TASK GOAL →
Quote all lines below exactly. Images stay out.

MATERIAL PROVIDED →

%%

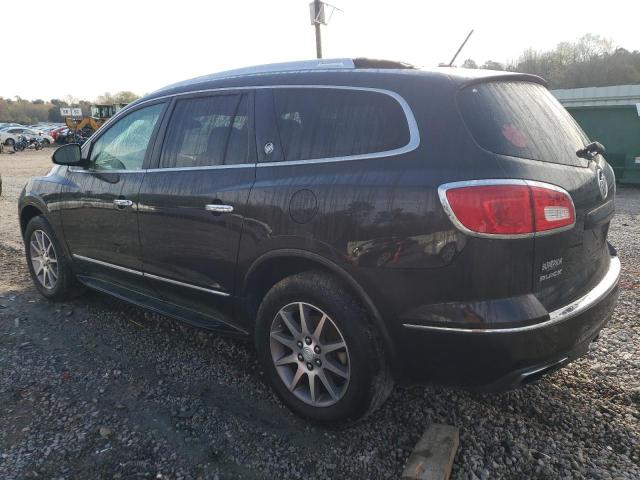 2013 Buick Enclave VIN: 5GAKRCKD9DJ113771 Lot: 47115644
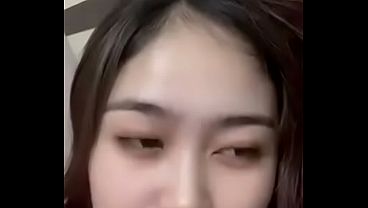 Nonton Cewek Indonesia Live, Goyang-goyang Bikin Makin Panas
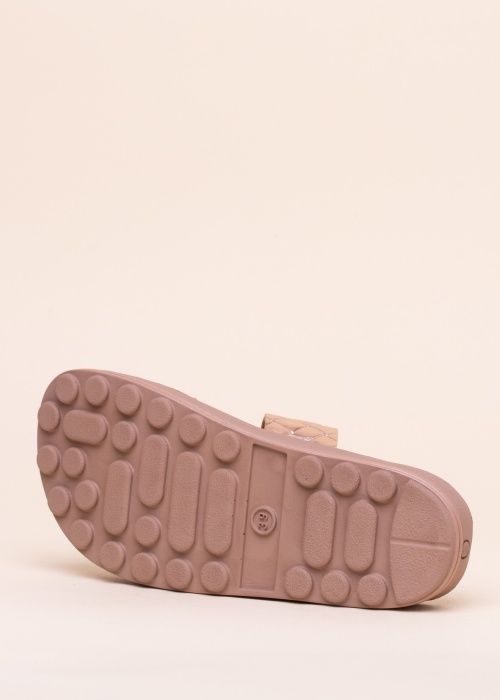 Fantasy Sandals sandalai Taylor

%%

THE COMPLETED TASK →
 2013 Buick Enclave VIN: 5GAKRCKD9DJ113771 Lot: 47115644
 Nonton Cewek Indonesia Live, Goyang-goyang Bikin Makin Panas
 Fantasy Sandals sandalai Taylor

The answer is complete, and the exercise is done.